**TASK DETAILS**
In the data below, find each line containing the string "Katja" and return it.

• • • • •

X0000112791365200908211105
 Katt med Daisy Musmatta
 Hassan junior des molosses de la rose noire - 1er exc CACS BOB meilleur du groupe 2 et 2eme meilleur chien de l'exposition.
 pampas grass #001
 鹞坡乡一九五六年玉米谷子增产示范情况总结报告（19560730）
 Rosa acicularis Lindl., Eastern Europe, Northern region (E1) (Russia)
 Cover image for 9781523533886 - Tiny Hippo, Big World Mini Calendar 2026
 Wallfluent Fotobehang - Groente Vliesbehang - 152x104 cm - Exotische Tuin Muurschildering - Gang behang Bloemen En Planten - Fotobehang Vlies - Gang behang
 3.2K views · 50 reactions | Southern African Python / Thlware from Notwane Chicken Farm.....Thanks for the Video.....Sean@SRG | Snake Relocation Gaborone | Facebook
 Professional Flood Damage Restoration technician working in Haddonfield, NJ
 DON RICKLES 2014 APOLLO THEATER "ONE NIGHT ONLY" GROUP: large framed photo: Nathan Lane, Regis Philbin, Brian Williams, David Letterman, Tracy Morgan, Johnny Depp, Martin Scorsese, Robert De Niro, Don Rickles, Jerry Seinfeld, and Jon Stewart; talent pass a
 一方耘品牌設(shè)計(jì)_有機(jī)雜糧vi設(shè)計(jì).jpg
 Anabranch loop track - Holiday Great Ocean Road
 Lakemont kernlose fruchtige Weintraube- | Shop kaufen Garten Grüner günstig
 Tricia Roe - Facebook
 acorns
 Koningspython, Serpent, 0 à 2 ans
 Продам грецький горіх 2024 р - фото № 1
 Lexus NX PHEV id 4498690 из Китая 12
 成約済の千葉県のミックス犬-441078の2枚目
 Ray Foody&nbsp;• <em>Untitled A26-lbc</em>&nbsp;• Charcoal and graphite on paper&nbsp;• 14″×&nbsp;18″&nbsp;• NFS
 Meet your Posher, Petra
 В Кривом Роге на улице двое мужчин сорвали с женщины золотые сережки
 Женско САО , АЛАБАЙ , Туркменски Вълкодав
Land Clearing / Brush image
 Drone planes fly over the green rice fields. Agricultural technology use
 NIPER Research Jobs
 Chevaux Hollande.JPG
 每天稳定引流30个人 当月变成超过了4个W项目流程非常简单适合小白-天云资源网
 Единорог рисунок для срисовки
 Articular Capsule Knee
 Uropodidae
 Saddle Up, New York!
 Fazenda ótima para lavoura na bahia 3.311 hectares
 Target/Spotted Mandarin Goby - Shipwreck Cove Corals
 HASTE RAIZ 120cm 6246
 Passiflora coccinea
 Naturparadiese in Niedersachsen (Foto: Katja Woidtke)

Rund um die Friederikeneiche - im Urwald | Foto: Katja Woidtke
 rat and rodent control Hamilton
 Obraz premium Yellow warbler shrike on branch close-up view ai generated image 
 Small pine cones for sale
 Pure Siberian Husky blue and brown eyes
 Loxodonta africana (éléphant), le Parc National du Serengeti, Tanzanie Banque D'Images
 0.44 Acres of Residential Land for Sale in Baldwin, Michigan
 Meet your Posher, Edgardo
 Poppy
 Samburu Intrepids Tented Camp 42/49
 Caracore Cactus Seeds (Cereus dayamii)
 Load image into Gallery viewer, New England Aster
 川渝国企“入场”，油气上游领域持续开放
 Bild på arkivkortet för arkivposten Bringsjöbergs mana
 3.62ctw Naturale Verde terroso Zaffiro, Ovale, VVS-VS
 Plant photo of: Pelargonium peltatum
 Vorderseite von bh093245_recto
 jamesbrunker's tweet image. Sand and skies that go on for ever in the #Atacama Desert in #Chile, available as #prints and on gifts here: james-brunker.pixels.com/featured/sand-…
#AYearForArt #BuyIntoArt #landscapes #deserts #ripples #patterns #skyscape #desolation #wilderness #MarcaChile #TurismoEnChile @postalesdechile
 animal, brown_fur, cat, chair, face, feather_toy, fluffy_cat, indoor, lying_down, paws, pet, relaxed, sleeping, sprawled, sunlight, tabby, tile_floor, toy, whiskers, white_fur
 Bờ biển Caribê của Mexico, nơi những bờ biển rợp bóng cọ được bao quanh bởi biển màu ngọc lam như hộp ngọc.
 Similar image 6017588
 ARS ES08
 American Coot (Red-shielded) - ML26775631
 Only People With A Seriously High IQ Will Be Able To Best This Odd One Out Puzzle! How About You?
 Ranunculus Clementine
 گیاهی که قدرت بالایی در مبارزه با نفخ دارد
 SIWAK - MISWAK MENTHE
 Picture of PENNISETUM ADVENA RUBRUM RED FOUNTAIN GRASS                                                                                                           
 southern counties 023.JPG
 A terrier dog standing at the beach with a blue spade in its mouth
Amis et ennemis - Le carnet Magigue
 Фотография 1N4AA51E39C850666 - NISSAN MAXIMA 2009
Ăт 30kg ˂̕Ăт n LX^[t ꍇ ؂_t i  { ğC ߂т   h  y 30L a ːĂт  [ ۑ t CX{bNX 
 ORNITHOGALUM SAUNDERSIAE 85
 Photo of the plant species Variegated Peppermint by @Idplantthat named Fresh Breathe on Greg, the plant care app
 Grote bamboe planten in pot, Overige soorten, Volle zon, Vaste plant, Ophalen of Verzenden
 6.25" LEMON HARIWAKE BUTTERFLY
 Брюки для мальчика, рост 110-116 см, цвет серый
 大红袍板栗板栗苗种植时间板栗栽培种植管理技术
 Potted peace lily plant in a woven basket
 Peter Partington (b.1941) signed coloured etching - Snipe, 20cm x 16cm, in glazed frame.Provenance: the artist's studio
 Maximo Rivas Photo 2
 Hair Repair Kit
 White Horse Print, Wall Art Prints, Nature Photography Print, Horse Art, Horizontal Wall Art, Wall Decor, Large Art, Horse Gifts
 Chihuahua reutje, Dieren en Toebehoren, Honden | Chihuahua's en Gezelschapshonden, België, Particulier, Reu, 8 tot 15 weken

• • • • •

**PROBLEM SOLUTION**
 Naturparadiese in Niedersachsen (Foto: Katja Woidtke)
Rund um die Friederikeneiche - im Urwald | Foto: Katja Woidtke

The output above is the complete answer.